During that period of time, a female child was also undesirable in Jasbeer’s community. No girl had been born in her husband’s side of the family for the last three generations, and he was not prepared to support triplet daughters, nor his wife, if she refused to abort, thus asking her to leave.
However, Jasbeer was clear that she wouldn’t be able to live a peaceful life if she made the decision to abort.
Thus the determined expectant mother left her house with the support of her faith and family.
Strangers, she said, would stare with derision at her growing frame. Yet her mother, brother, and sister-in-law reassured her that they would manage. Jasbeer suspects that God gave her courage of conviction.

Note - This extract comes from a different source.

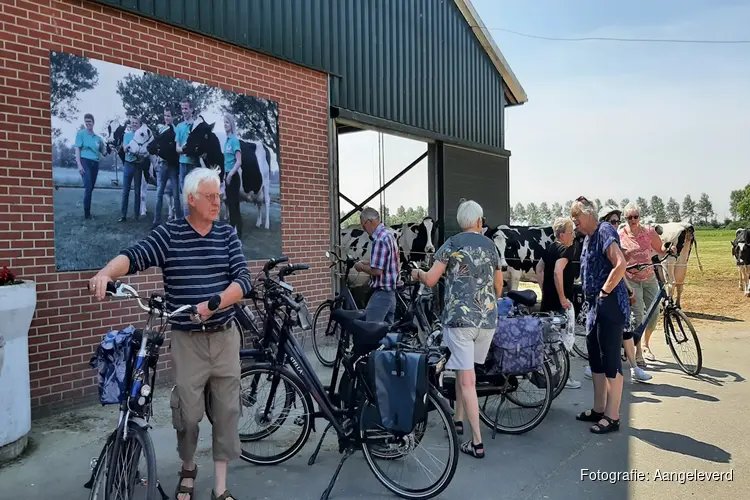 De Souptour. Een fietstocht door de Wieringermeerpolder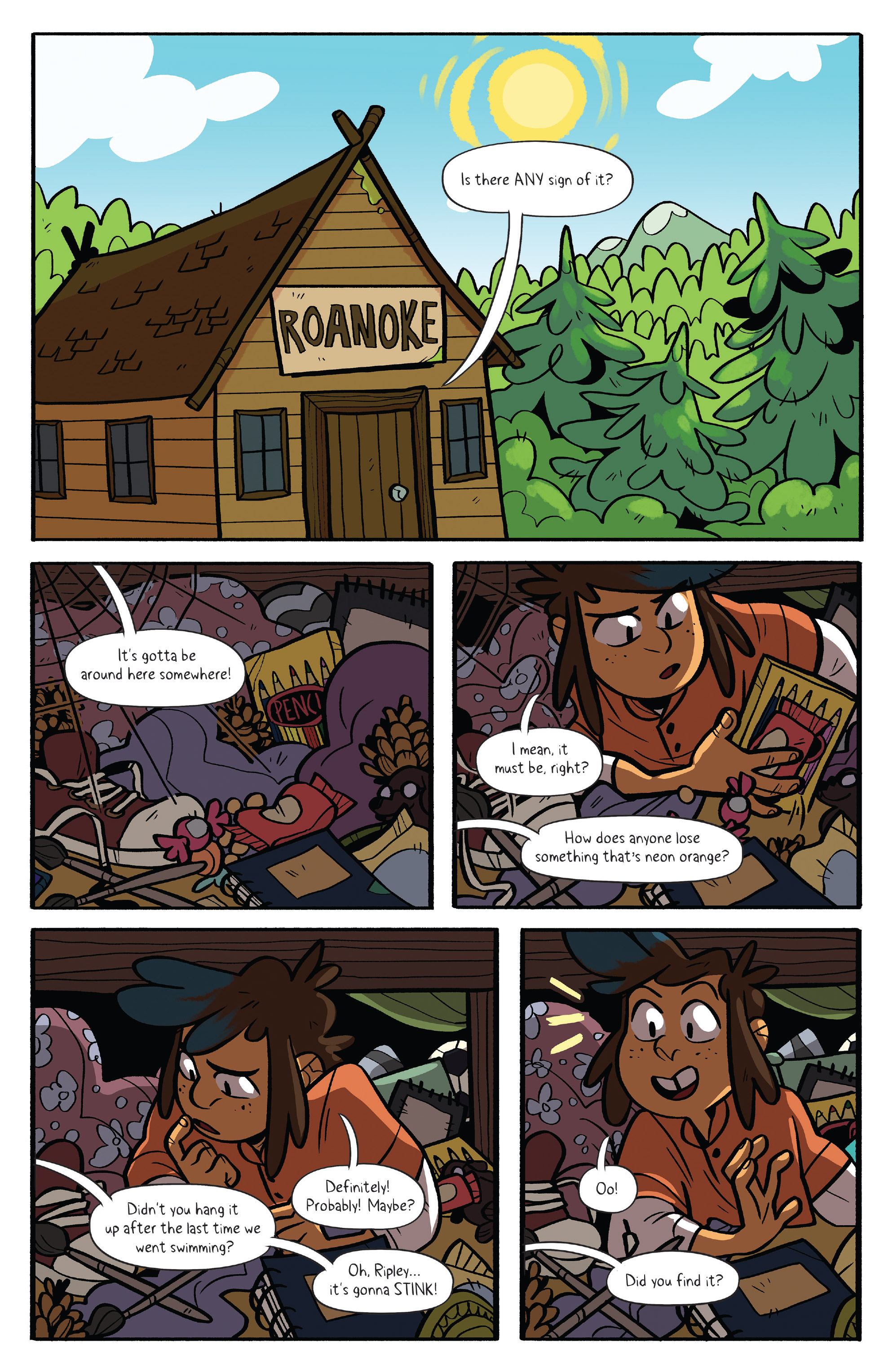 Lumberjanes (2014-): Chapter 53 - Page 3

Jasbeer said she asked God to make sure her daughters were born healthy. “That is all I wanted,” she recalled.
Beautiful babies Sandeep, Mandeep, and Pardeep were born on Dec. 3, 1996, in Punjab, a state in the northern part of India. Jasbeer took two daughters with her while she worked in Rajasthan to support her family. Meanwhile, the third child remained with Jasbeer’s mother in Amritsar, Punjab, joining them later when Jasbeer could cope.
Life was hard, and the challenges were many.

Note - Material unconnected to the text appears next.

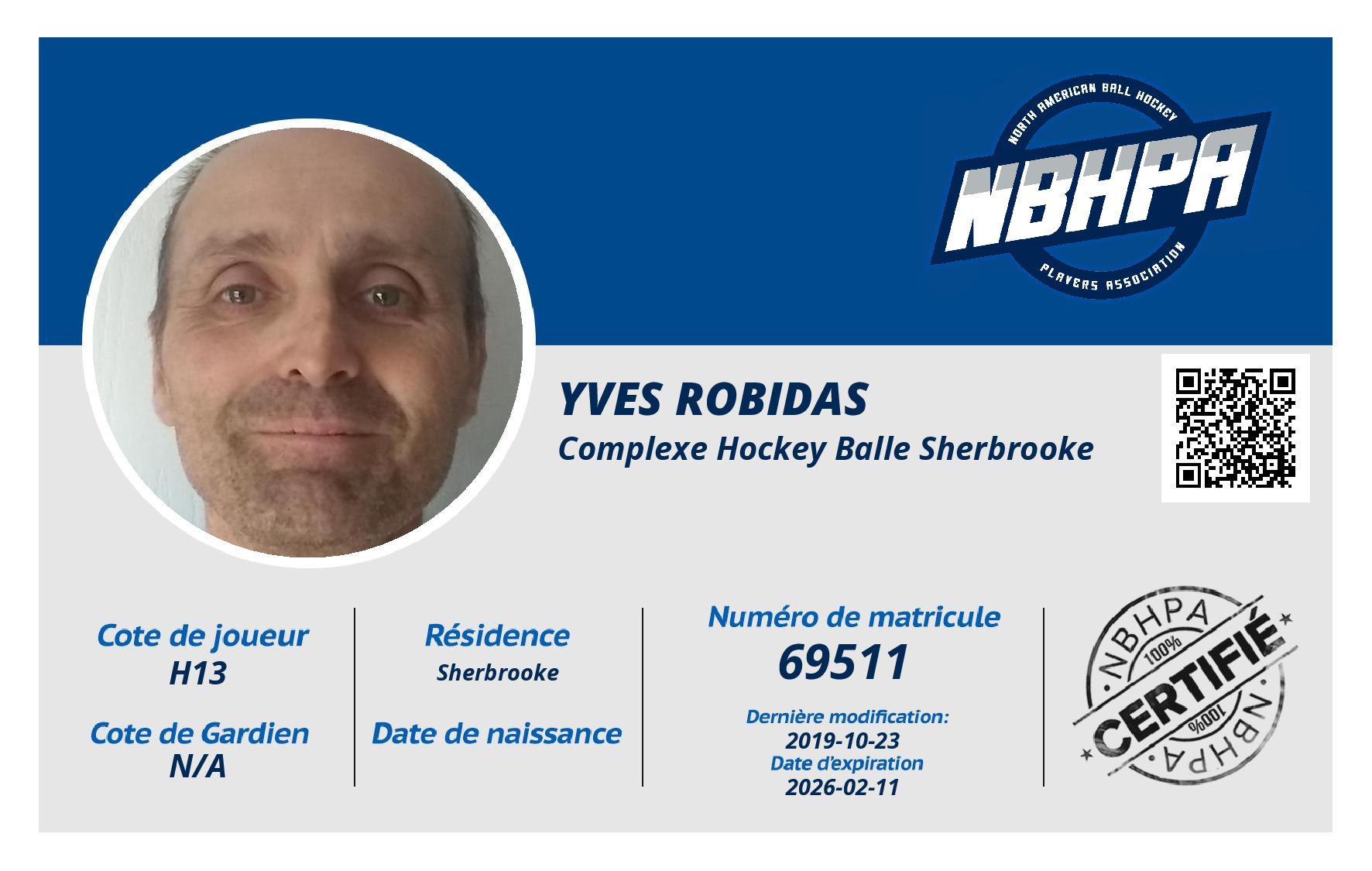 Yves Robidas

“I had to continue with my nursing job and had to look after my home,” Jasbeer said. “My pay scale was very low. I had to educate my daughters, and I had no other support for educating my children in good, reputed schools.”
Yet, relentless hard work and a mother’s love worked wonders for Jasbeer’s growing girls, who share a striking resemblance. Today, they are 24 years old and thriving.

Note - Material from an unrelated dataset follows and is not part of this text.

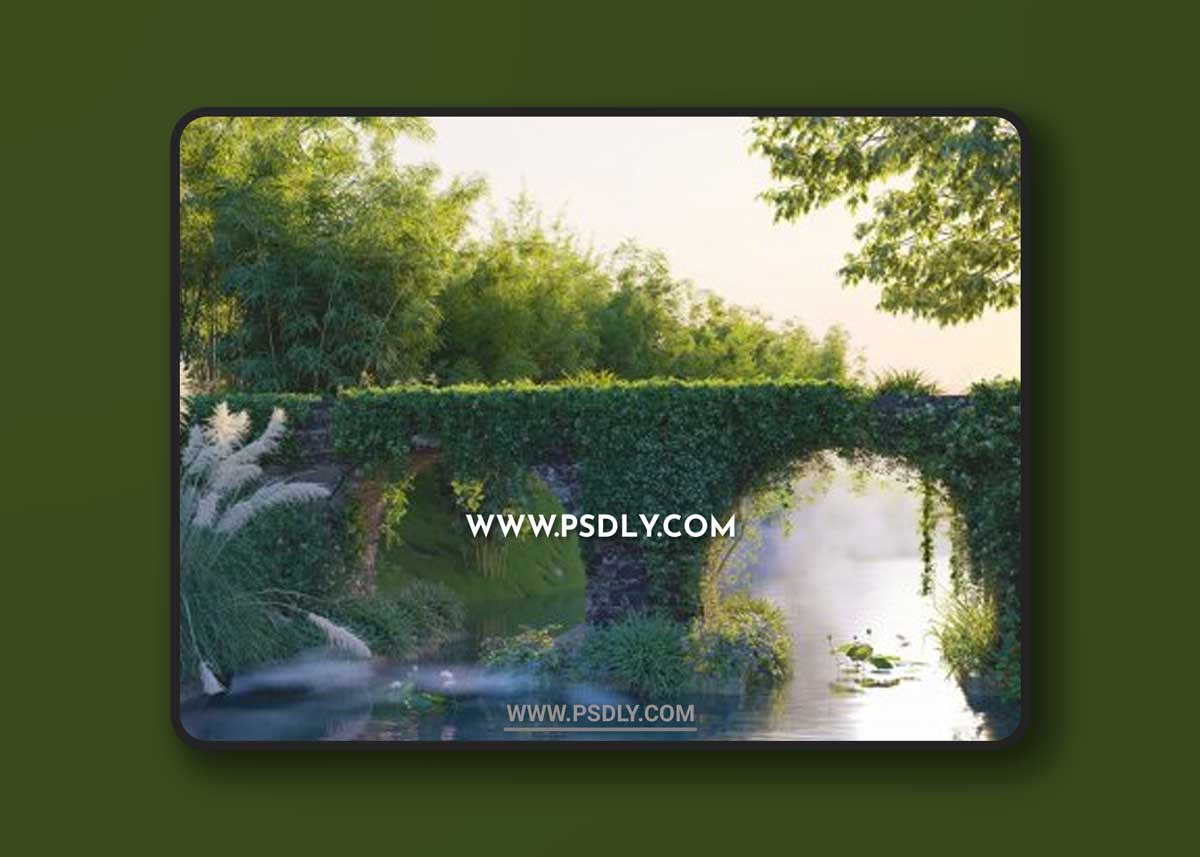 Maxtree - Plant Models Vol. 68 3D Models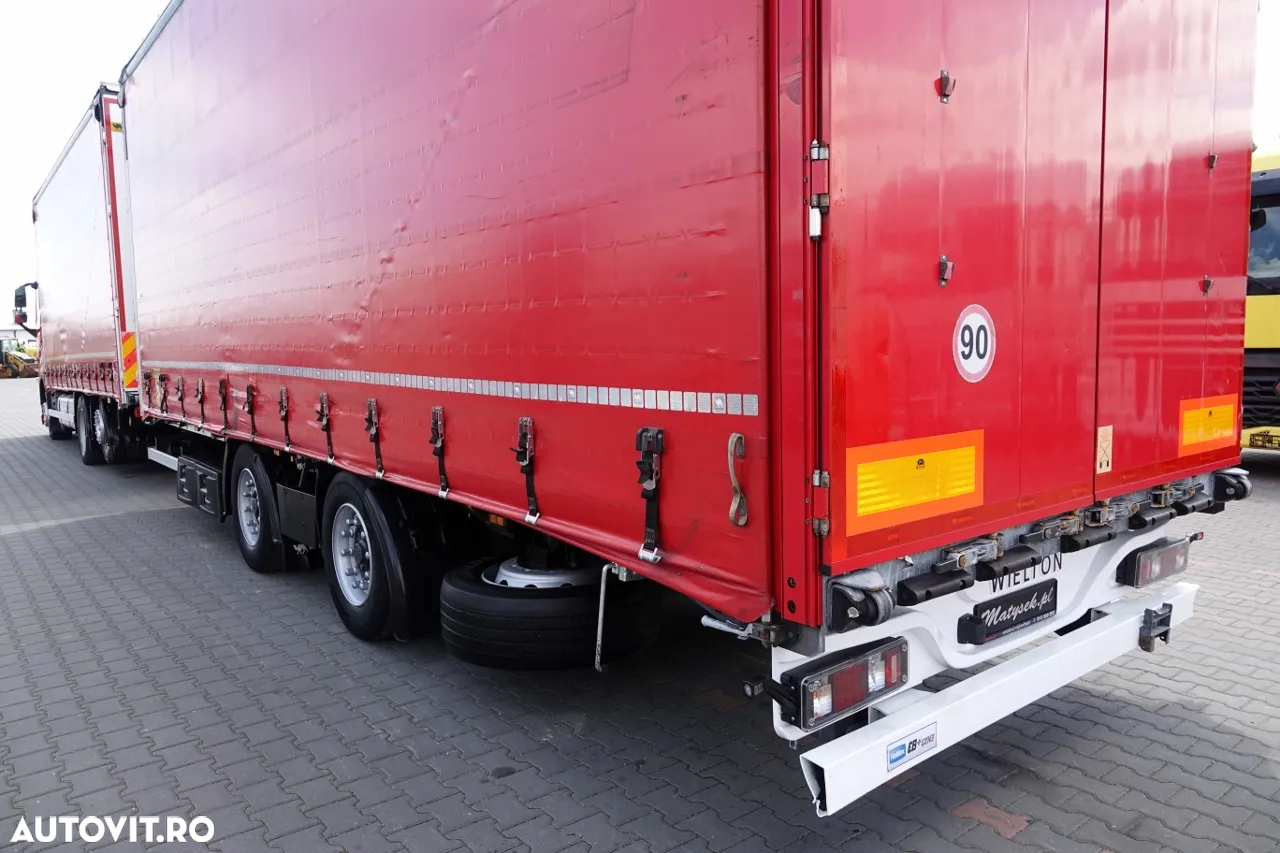 Volvo FH 460 / TANDEM SET 120 M3 / I-PARK COOL / WIELTON / TRANSPORT / 2021 / DUPĂ CONTRACTUL DE SERVICE GOLD - 10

Sandeep is a makeup artist; Pardeep, after completing a hotel management qualification, works in a hotel. Following the footsteps of her mother, Mandeep works in the nursing field with an NGO called FRHS India and lives with her mother.
Jasbeer says that her daughters’ successes speak for themselves. Her community, she said, even speculates that the girls may not have fared so well if they were born in another home.
After a decades-long career, Jasbeer is due to retire, but the immense respect she has earned as a midwife, woman, and mother will follow her into her next phase of life.
“Don’t kill your daughters, love them, educate them, raise them. Give them your love and receive their love back. They bring sunshine into your homes.”